Have you actually shot a Savage with the Accutrigger?
Yup. BTW, Swingset, pay attention, after which point you're more than welcome to say "Ugh" and then add me to your ignore list: As a range safety officer I got to try several different Accu-Trigger rifles, which I did just in case the first was a fluke. I found all of them distasteful in their own special, politically correct sort of way. It felt more uncomfortable than the proverbial priest at a Boy Scout jamboree. The actual descriptive term used was not repeatable in a forum that includes non-heterosexual company. Which was a shame, the guns grouped rather well, given the funky trigger mechanicals. Savage
knows how to make a decent-shooting gun, my old Model 340 reminded me of that fact time and again. As someone who's gun collection numbers in the hundreds, and the majority of those are centerfire rifles, you can wager I would know how to give an objective evaluation from one rifle to the next. If a gun doesn't shoot well, I get rid of it. And that's whether it's a Stolle Panda benchrest rifle, or Winchester 94 levergun.
Now, while I have no obligation to answer to you, let's get this out there in front. The gentleman who authored this thread asked an honest question concerning experiences with the Savage Accu-Trigger. I gave an honest response, based on my own experiences with that product. Sorry it didn't fall in line with what others in the thread said, or it gave cause to question my credibility. (Actually, I'm not really sorry) That makes me a bad person, I suppose. Yet another one hiding behind the anonymity of an internet alias, as it were. If that means I'm off Steelhead's and Swingset's Christmas Card list, then oh friggin' well.
And I'll repeat: For people who haven't experienced better, it may very well be the best trigger they've ever found on a factory rifle. I'm not disparaging them their choice, because it's probably all the gun that their budgets would allow for, and there were no Remington 700's and 7's within visual range when they made the decision. But as I stated before, I do find it a sad commentary of our times when "good enough is the enemy of best". Savage didn't have to go with the monkey-motion trigger - their earlier triggers could be adjusted to something less than a bazillion pounds pull, without benefit of the unneeded interlock.

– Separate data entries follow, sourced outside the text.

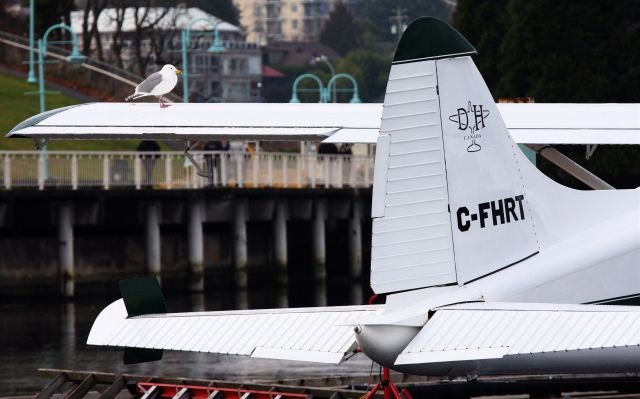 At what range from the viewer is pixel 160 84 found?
64.2 ft

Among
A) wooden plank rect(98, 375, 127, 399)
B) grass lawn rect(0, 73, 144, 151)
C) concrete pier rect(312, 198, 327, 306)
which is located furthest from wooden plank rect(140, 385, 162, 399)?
grass lawn rect(0, 73, 144, 151)

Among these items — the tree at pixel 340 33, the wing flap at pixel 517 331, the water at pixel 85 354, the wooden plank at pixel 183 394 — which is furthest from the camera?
the tree at pixel 340 33

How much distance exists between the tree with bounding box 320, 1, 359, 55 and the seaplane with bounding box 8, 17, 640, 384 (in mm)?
138049

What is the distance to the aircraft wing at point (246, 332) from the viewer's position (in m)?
13.9

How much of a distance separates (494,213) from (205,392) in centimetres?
470

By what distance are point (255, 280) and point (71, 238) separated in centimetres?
604

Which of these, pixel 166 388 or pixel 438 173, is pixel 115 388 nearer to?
pixel 166 388

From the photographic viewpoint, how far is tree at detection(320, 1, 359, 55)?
15350 centimetres

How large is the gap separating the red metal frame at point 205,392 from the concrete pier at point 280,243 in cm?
2740

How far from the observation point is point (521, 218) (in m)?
15.1

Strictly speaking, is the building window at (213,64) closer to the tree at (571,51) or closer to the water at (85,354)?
the tree at (571,51)

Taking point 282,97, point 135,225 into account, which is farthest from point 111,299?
point 282,97

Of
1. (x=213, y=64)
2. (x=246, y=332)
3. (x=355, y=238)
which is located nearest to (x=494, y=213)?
(x=246, y=332)

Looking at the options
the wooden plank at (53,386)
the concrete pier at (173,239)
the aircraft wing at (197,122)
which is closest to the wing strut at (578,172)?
the aircraft wing at (197,122) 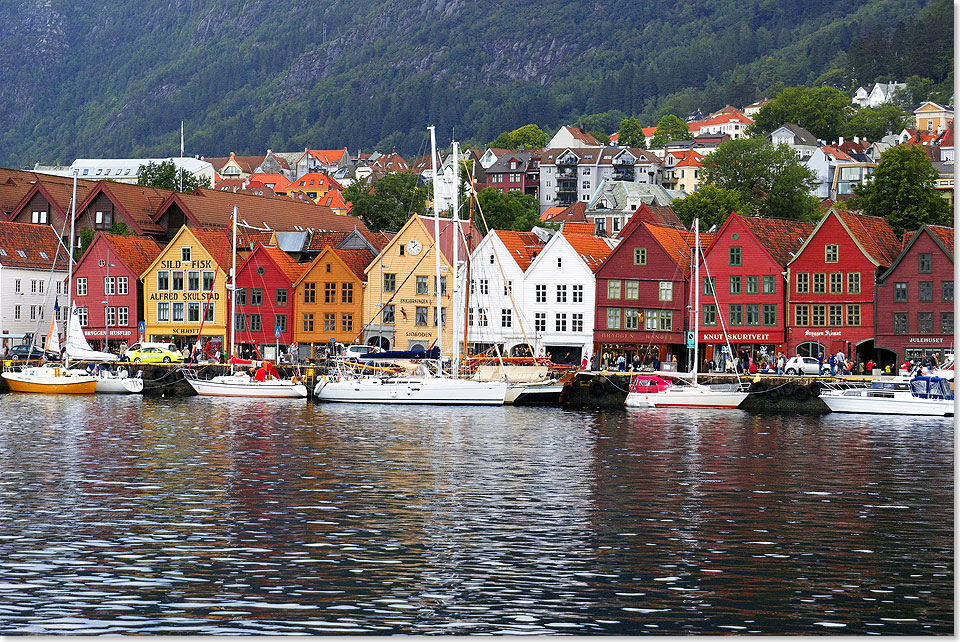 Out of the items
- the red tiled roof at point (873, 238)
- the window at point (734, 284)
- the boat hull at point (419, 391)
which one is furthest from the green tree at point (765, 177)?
the boat hull at point (419, 391)

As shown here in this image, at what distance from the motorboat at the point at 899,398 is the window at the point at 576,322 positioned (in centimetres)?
3318

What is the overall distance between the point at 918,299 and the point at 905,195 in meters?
22.9

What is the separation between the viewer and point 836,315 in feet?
333

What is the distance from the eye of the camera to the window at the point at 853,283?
101 m

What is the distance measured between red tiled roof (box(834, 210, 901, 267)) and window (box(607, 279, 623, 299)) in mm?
18936

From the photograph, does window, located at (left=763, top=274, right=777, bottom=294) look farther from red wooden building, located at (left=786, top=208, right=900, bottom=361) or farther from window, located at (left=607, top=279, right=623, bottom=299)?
window, located at (left=607, top=279, right=623, bottom=299)

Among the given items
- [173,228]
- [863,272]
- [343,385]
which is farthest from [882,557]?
[173,228]

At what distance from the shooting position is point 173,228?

Were I the owner or CEO of Savage, I'd have the engineers and designers of that thing run out of town on a rail, period. But, luckily for Savage, I'm not, and so they can proceed to keep the consumer frog in that pot of increasingly-warm water, knowing full well that the frog's comfort level with the pre-trigger will level off with time. The guns will sell. So will Remington 710's.

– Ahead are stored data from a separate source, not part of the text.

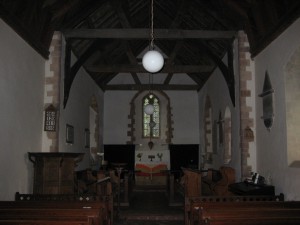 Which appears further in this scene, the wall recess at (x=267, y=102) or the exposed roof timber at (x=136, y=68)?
the exposed roof timber at (x=136, y=68)

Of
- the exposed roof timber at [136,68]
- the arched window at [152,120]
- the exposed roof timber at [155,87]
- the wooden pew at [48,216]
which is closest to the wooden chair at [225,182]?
the wooden pew at [48,216]

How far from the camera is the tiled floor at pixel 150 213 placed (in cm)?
644

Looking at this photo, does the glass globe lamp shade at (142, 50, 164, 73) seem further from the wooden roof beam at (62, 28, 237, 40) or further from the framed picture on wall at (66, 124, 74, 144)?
the framed picture on wall at (66, 124, 74, 144)

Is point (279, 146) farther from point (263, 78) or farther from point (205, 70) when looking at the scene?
point (205, 70)

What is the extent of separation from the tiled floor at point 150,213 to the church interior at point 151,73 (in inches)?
0.9

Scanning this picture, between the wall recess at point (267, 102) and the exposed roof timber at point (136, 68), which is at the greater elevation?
the exposed roof timber at point (136, 68)

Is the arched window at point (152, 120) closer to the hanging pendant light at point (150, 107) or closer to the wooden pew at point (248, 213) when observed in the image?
the hanging pendant light at point (150, 107)

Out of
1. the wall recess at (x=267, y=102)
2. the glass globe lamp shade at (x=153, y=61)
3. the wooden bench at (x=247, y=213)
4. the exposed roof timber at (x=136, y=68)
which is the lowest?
the wooden bench at (x=247, y=213)

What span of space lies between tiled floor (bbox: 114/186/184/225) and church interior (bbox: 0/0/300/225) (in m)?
0.02

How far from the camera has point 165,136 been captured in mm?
14141

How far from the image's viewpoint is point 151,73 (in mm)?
7902

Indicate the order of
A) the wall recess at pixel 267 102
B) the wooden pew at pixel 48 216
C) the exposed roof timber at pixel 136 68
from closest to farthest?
the wooden pew at pixel 48 216 → the wall recess at pixel 267 102 → the exposed roof timber at pixel 136 68

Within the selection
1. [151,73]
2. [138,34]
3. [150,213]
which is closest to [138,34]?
[138,34]

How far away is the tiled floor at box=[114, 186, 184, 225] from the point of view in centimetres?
644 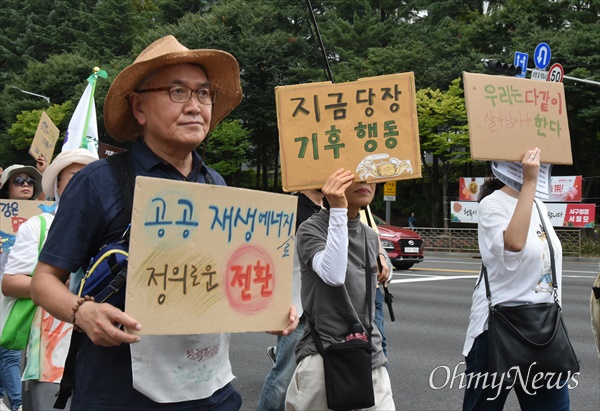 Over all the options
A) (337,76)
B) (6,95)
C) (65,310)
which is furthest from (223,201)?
(6,95)

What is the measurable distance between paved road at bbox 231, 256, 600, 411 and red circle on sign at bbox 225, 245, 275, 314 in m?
3.40

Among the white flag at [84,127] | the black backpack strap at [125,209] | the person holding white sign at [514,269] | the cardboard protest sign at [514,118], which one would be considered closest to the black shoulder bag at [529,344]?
the person holding white sign at [514,269]

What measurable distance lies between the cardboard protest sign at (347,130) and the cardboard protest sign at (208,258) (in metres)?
0.60

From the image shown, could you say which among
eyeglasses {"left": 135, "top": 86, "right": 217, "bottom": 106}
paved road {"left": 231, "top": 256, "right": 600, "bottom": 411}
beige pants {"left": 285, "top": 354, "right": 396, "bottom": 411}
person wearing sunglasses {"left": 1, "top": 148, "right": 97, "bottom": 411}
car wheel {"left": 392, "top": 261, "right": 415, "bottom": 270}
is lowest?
paved road {"left": 231, "top": 256, "right": 600, "bottom": 411}

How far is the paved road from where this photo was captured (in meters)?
5.56

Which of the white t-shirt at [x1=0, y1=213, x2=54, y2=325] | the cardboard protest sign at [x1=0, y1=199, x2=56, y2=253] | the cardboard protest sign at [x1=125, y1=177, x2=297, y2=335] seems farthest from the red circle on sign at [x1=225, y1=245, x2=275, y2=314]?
the cardboard protest sign at [x1=0, y1=199, x2=56, y2=253]

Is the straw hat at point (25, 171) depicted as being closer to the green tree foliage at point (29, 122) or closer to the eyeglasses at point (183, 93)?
the eyeglasses at point (183, 93)

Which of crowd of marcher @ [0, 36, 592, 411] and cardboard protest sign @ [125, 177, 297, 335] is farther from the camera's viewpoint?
crowd of marcher @ [0, 36, 592, 411]

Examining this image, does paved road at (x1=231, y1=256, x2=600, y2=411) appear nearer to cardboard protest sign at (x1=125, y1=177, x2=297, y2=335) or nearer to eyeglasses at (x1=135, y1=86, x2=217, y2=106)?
cardboard protest sign at (x1=125, y1=177, x2=297, y2=335)

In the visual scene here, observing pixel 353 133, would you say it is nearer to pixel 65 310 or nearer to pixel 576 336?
pixel 65 310

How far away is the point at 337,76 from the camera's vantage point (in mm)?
33531

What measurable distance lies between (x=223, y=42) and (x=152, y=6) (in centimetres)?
2190

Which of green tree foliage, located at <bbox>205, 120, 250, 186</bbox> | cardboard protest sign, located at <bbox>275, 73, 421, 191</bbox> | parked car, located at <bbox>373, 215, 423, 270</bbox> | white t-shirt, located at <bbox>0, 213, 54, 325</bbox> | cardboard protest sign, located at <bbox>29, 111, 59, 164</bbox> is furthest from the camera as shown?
green tree foliage, located at <bbox>205, 120, 250, 186</bbox>

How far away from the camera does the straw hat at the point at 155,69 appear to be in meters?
2.12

Too many of us old-timers grew up as kids shooting rifles like Winchester Model 52's and Remington 513's/521's, with exquisite
factory triggers, and then graduated to the larger centerfire versions from the same manufacturers, again, with decent, no-nonsense triggers. These weren't high-dollar Anschutz-grade target guns, they were working-man's guns meant to put venison on the table. And we did just fine doing that, sans any additional trigger interlocks, or hammer-block safeties on our lever guns, for that matter.
For somebody who's been used to shooting rifles with "normal" triggers, the new Savage may very well be unnerving. The gun has potential, so don't let the trigger put you off. It can be fixed. I don't take any money from Rifle Basix or any other aftermarket trigger company, but neither do I mind clueing somebody in on that last little modification that makes an otherwise excellent product darned near perfect.